The ITC is expected to decide whether to initiate an investigation under this complaint within 30 days. In a separate action, Rambus filed a patent infringement suit against NVIDIA in July 2008. Additional information is available at investor.rambus.com in the Litigation Update section.
21 Comments on Rambus Files Complaint Against NVIDIA
i mean they shouldnt be attacking the companies that use NV parts when the board makers only know how to make the boards but not the Glue logic.
NV probably violated patents on mem controllers when Rambus had those designs first.
www.rambus.com/us/news/press_releases/2001/010917.html
Just trying to dig a bit into it, it looks as though AMD and Intel have already settled up to use Rambus' patented intellectual property.

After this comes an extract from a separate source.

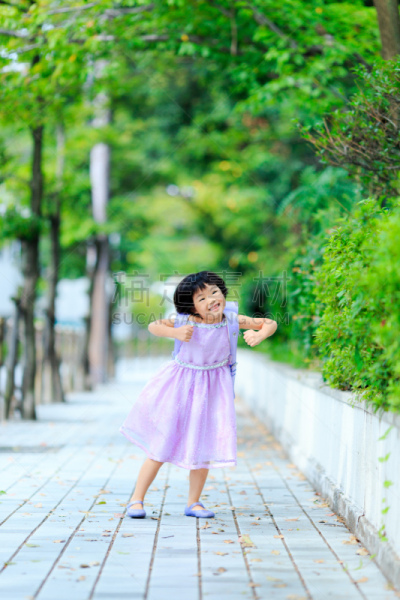 女孩,书包,日式书包,小学,纪念物,4岁到5岁,垂直画幅,新的,户外,未成年学生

Looking up Nvidia, Rambus, and licensing only brings up mention of the suit....
Should sell like hotcakes!! :rockout:
Anyway, if Nvidia infringed on a patent that Rambus holds they should be called on the carpet for it, just like anyone else. While I do not necesssarily agree with the way the patent system in the US works, litigation is the only recourse a company has to protect their IP.
It's as if I decided to create a new plug, with 6 pins but that obviously still has nothing but +, - and ground, 2 of each (pointless yeah). Then after they give me that patent I decide to fill a lawsuit for anyone creating an adapter to plug their products into them. Anyone can come up to how to make an adapter, they don't need to spy my designs. IMO in that case I should have the right to sue anyone using or creating my plug and not paying royalties, but not the adapter.
Translating to Rambus/Nvidia, Rambus should be able to fill a lawsuit against Nvidia if Nvidia didn't pay royalties for DDR memory usage, as that's what they use, but never for the memory controler as that is their own design.
"your memory architecture has a 10% likeness to my memory architecture... and we both use the word "memory", THIEF!"
nVidia should just let this go to court, then drag it out with their deep-pocketed lawyers until RAMBUS can't afford to operate anymore.
someone needs to swat this mosquito.
It really does look like NV is taking hit after hit though, it's starting to get ridiculous how much ground they've lost in the past few months.
If you let Rambus lawyers go the logical next step: they will sue you for royalties on any documents you write using software that RUNS in their memory, since it is using it. :shadedshu
And video/media players. And media content.
And games.
And pay per view for web content downloaded into memory.
And BIOS firmware for "writing zeros" to the memory at boot.
Can you imagine the lawsuit. "No, you cant write zeros to our memory without a license". Where will it end?